───── MATERIAL TO PROCESS

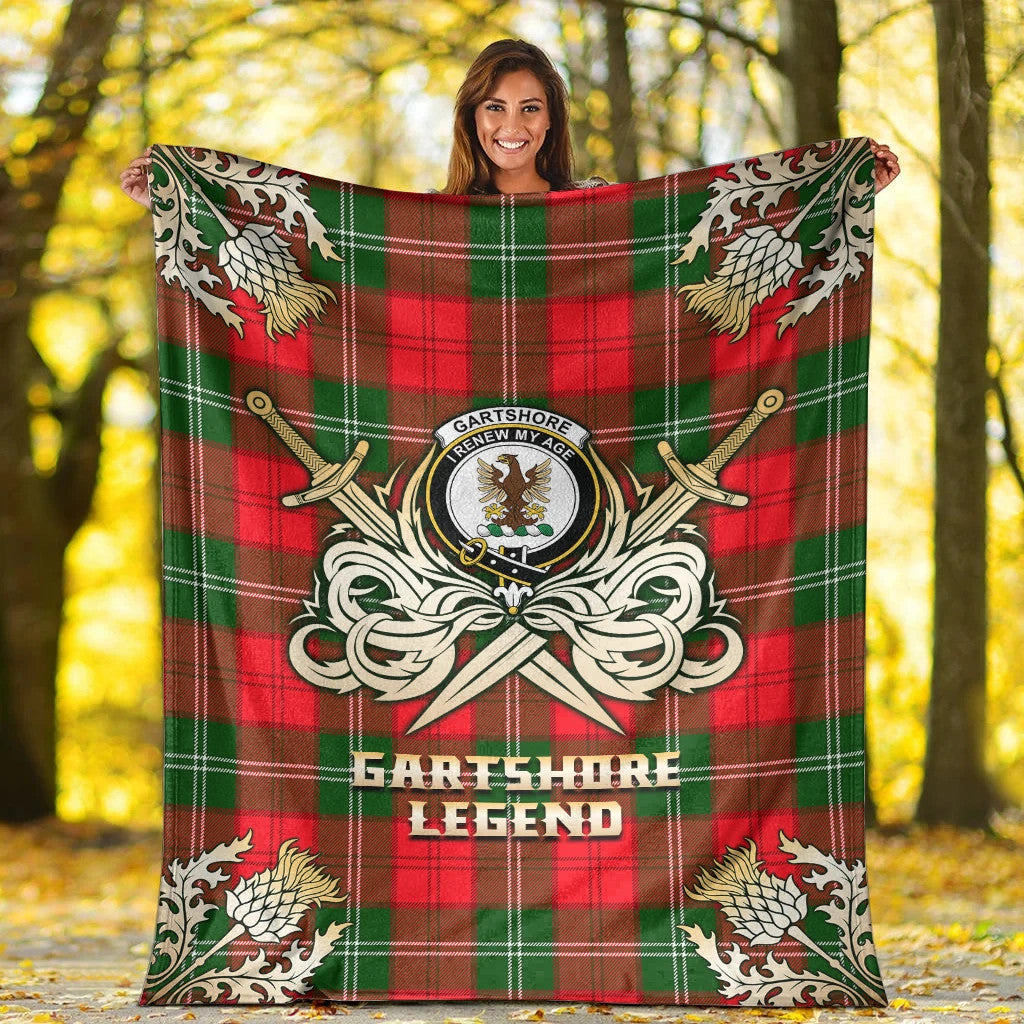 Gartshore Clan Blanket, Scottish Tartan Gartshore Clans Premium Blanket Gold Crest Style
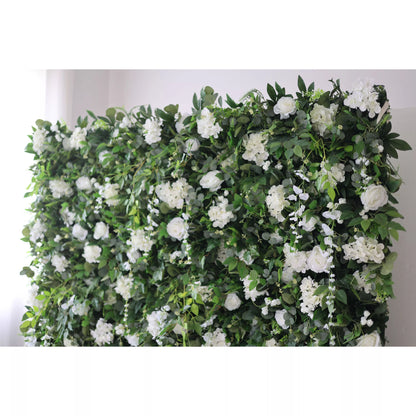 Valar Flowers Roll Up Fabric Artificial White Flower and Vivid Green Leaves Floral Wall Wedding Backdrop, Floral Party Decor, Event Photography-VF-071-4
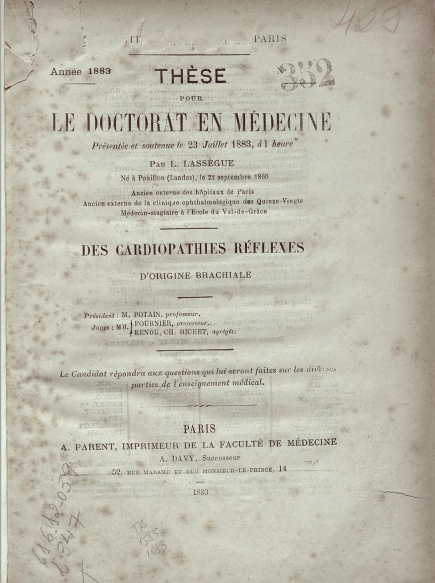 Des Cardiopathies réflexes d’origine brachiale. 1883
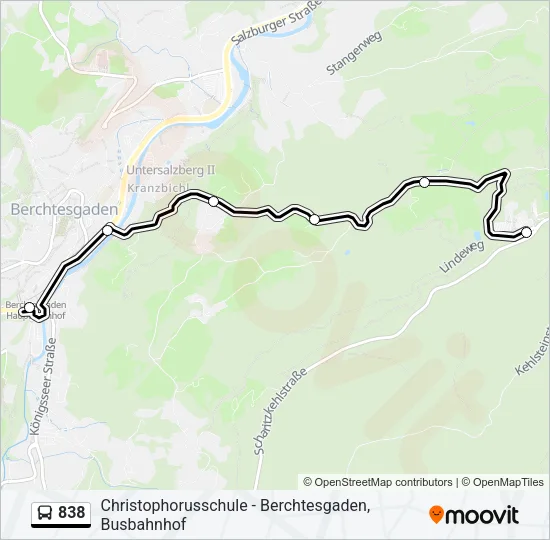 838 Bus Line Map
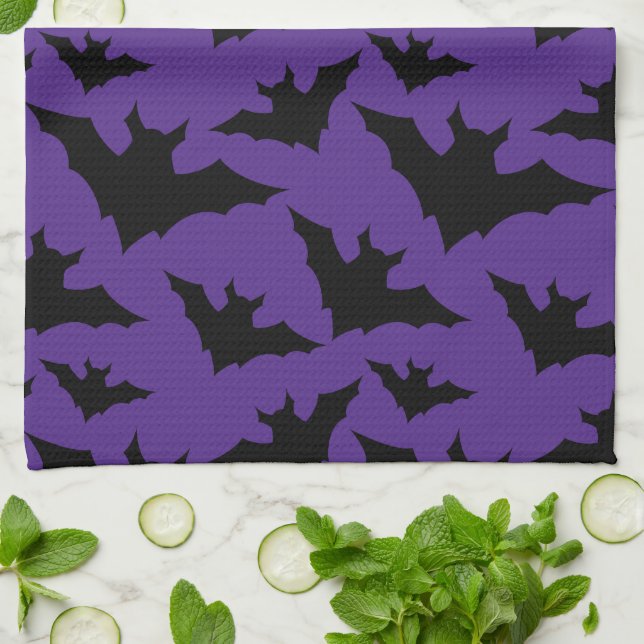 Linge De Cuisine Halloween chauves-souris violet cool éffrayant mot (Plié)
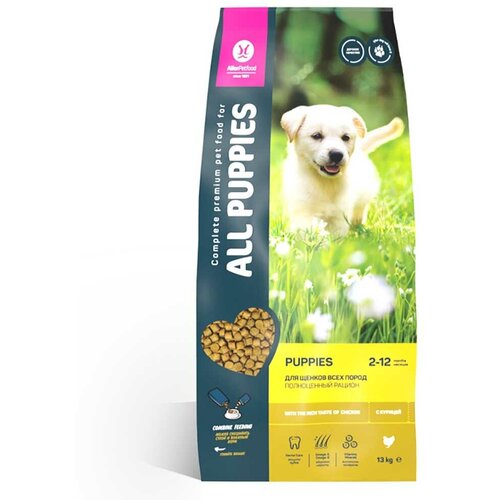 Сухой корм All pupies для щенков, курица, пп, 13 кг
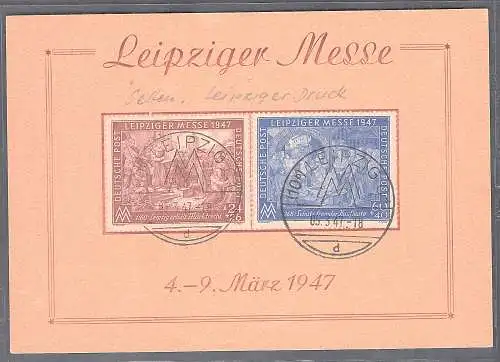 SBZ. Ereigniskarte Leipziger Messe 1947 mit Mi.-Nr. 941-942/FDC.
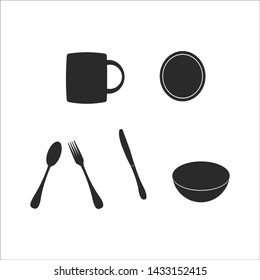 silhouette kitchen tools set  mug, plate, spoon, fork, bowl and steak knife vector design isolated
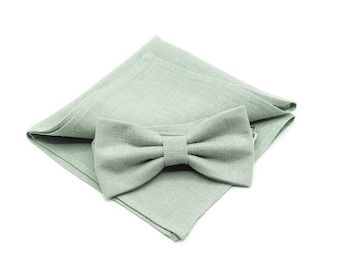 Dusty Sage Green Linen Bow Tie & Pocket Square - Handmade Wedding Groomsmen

──────────

From the line containing "silhouette kitchen tools" through the end of the entries, quote each line exactly and nothing else, excluding all pictures.

**ANSWER BOX:**
 silhouette kitchen tools set  mug, plate, spoon, fork, bowl and steak knife vector design isolated
 Dusty Sage Green Linen Bow Tie & Pocket Square - Handmade Wedding Groomsmen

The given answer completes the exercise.